■ What this task involves
Take the line with "Apod Xpress - Hostel - photo 4" and every line after it in the entries below, and set them down exactly, without any pictures.

++++ Record excerpts

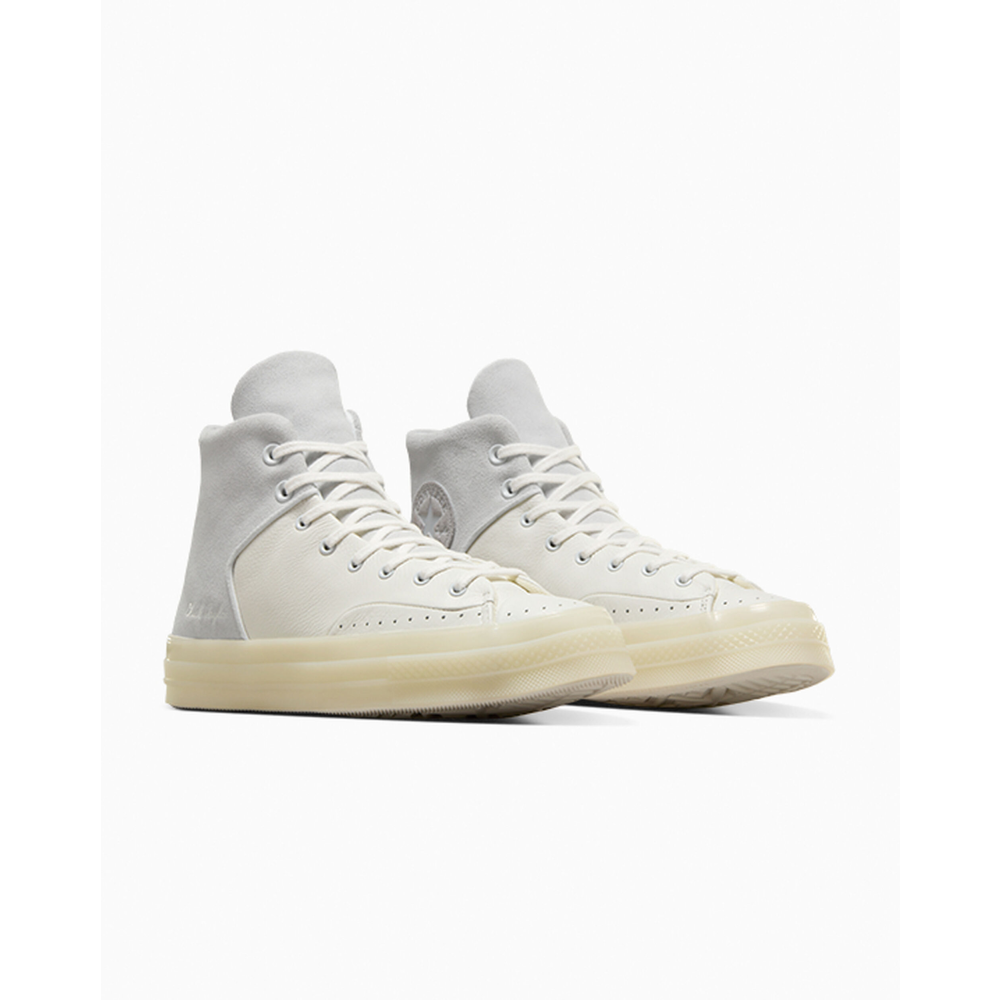 Converse Chuck 70 Marquis Warm Winter Essentials A05620C / weiss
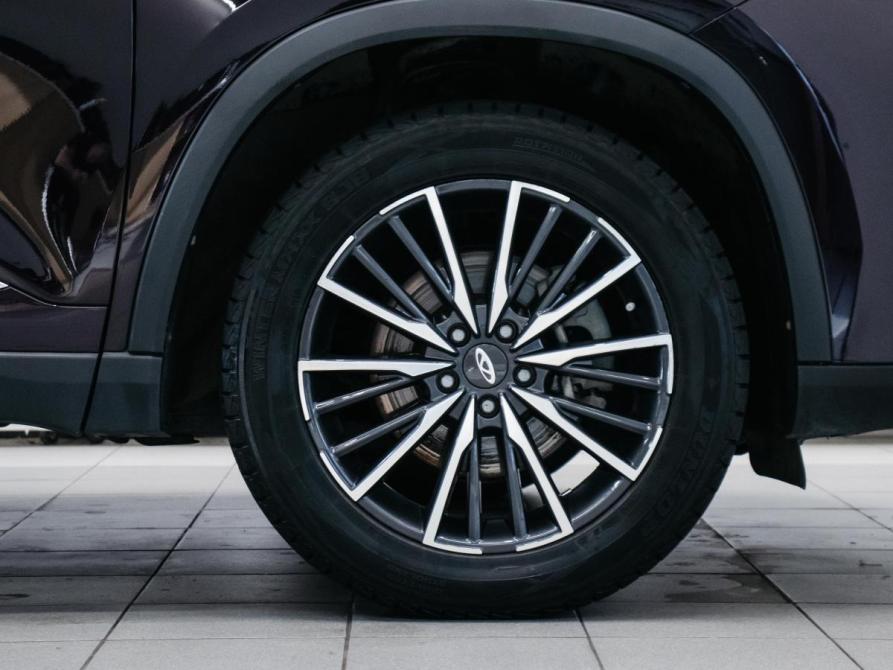 Chery Tiggo 8 Pro I Красноярск  - изображение 34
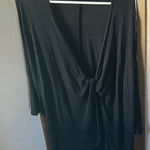 Slinky Brand  Classic Black cover up 2x Photo 0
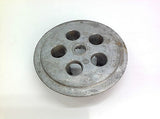1989 HONDA CR 125 CLUTCH PRESSURE PLATE 0016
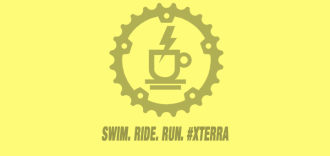 Swim. Ride. Run. #XTERRA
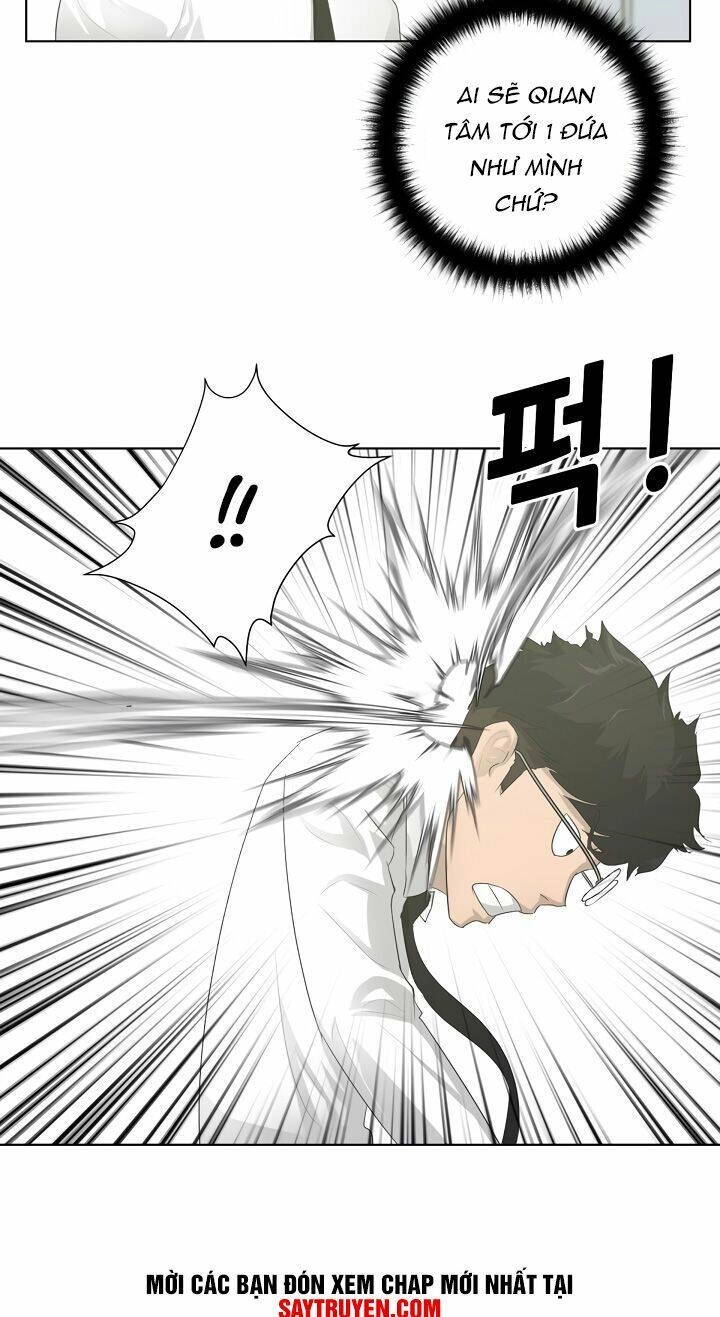 Trigger Chapter 5 - 30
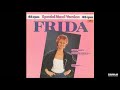 Frida - Threnody [1982] [magnums extended mix]
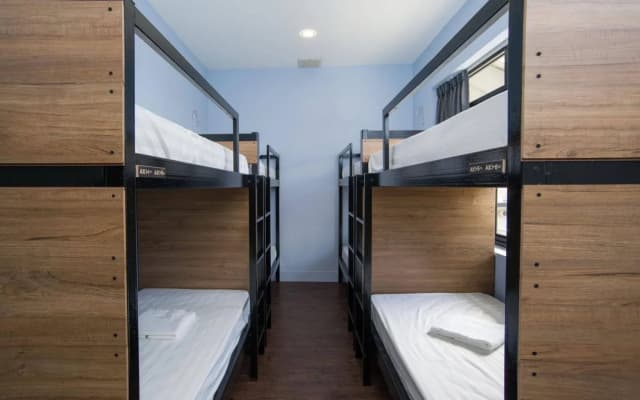 Apod Xpress - Hostel - photo 4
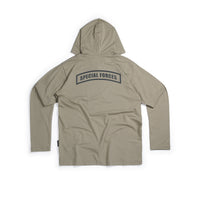Parabellum® Hoodie Tees™ Special Force Ranger Green
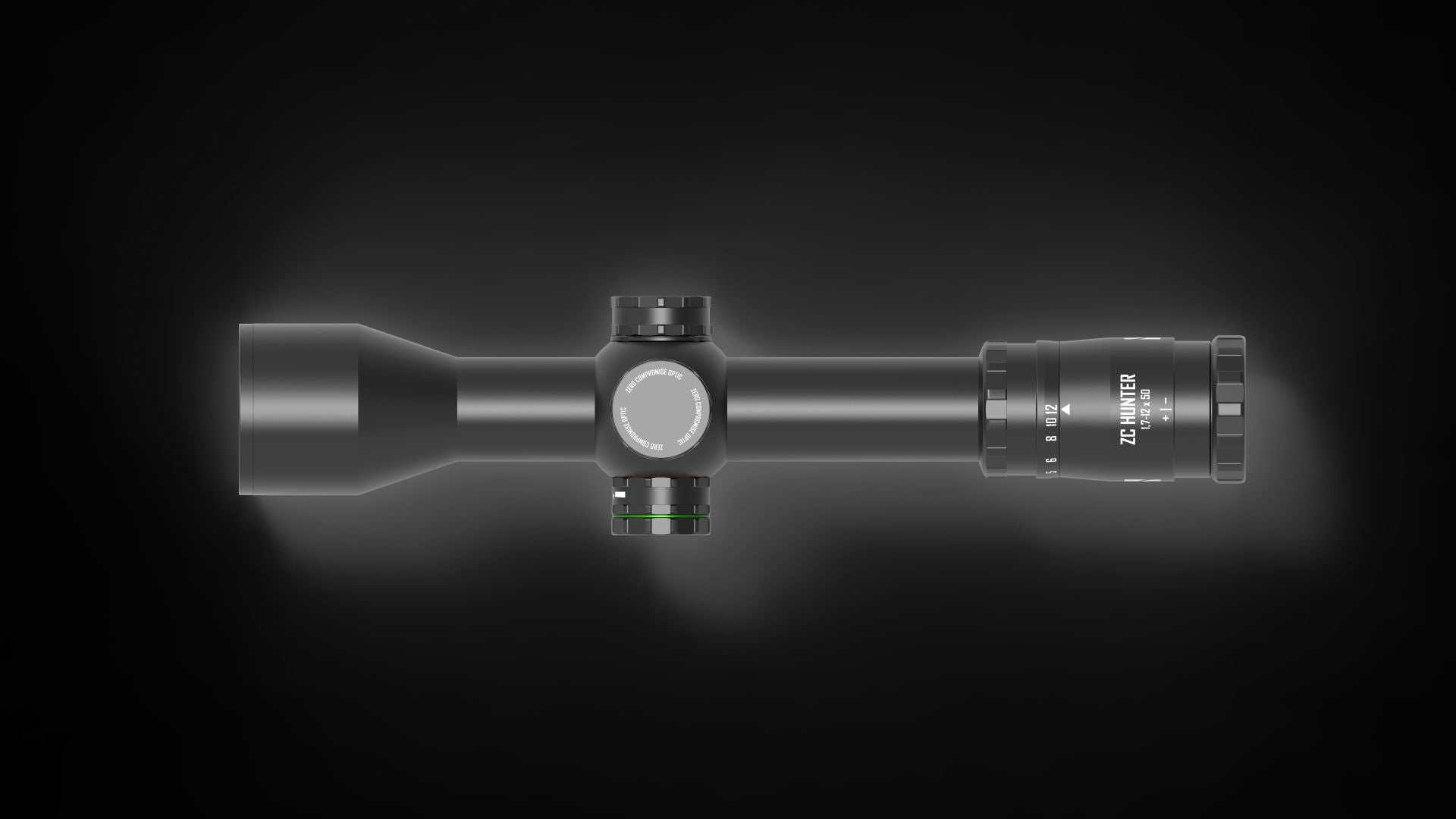 ZC Hunter 1.7-12x50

++++++++

■ Response for this exercise
 Apod Xpress - Hostel - photo 4
Parabellum® Hoodie Tees™ Special Force Ranger Green
 ZC Hunter 1.7-12x50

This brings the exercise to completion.